3.    Country risk factors include—

    (a)    a country identified by sources such as mutual evaluation or detailed assessment reports, as having an effective anti-money laundering and countering terrorism or proliferation financing; and

    (b)    a country identified by credible sources as having a low level of corruption or other criminal activity.

PART II

B. A reporting entity shall take into account the risk factors specified in this Part where the risk of money laundering or terrorism or proliferation financing may be high.

1.    Customer risk factors include—

    (a)    the business relationship conducted in unusual circumstances such as significant unexplained geographic distance between the financial institution and the customer;

    (b)    a non-resident customer;

    (c)    a private banking customer;

    (d)    a legal person or legal arrangement that is a personal asset holding vehicle established for holding assets for investment purposes;

    (e)    a prominent influential person;

    (f)    a customer who originates from a high risk country;

    (g)    a customer that performs a transaction on behalf of another person, whether the identity of such other person is disclosed or not;

    (h)    a company that has nominee shareholders or shares in bearer form;

    (i)    a business that is cash-intensive; and

    (j)    the ownership structure of the company appears unusual or excessively complex given the nature of the company’s business.

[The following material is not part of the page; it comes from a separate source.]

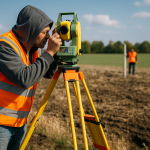 Psycholog: Funkcja, Pomoc i Pomoc w Trudnych Momentach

2.    Country or geographic risk factors include—

    (a)    countries identified by credible sources, such as mutual evaluation or detailed assessment reports or published follow-up reports, as not having adequate systems for combating money laundering, terrorism or proliferation financing;

    (b)    countries subject to sanctions, embargoes or similar measures issued by the United Nations, Financial Action Task Force or similar international organisation;

    (c)    countries identified by credible sources as having significant levels of corruption or other criminal activity; and

    (d)    countries or geographic areas identified by credible sources as providing funding or support for terrorist activities, or that have designated terrorist organisations operating within their country.

3.    Product, service, transaction or delivery channel risk factors include—

    (a)    private banking;

    (b)    anonymous transactions, which may include cash;

    (c)    non-face-to-face business relationships or transactions; and

    (d)    payment received from unknown or unassociated third parties.

THIRD SCHEDULE

[Regulation 12]

MEASURES TO APPLY TO A CLASS OF NON-GOVERNMENTAL ORGANISATION

Part A (Measures by Competent Authority)

1.    A competent authority shall identify a non-governmental organisation that is a legal person, arrangement or organisation that primarily engages in raising or disbursing funds for purposes such as charitable, religious, cultural, educational, social or fraternal, or for the carrying out of other types of good works.

2.    A competent authority shall use all relevant sources of information to identify the non-governmental organisations which, by virtue of their activities or characteristics, are likely to be at risk of terrorist financing abuse from among those that fall within the description of non-governmental organisations referred to in paragraph 1.

3.    An effective approach in identifying, preventing and combating terrorist financing abuse of non-governmental organisations shall involve the following elements—

    (a)    sustained outreach concerning terrorist financing issues;

    (b)    targeted risk-based supervision or monitoring;

    (c)    effective investigation and information gathering; and

    (d)    effective mechanisms for international co-operation.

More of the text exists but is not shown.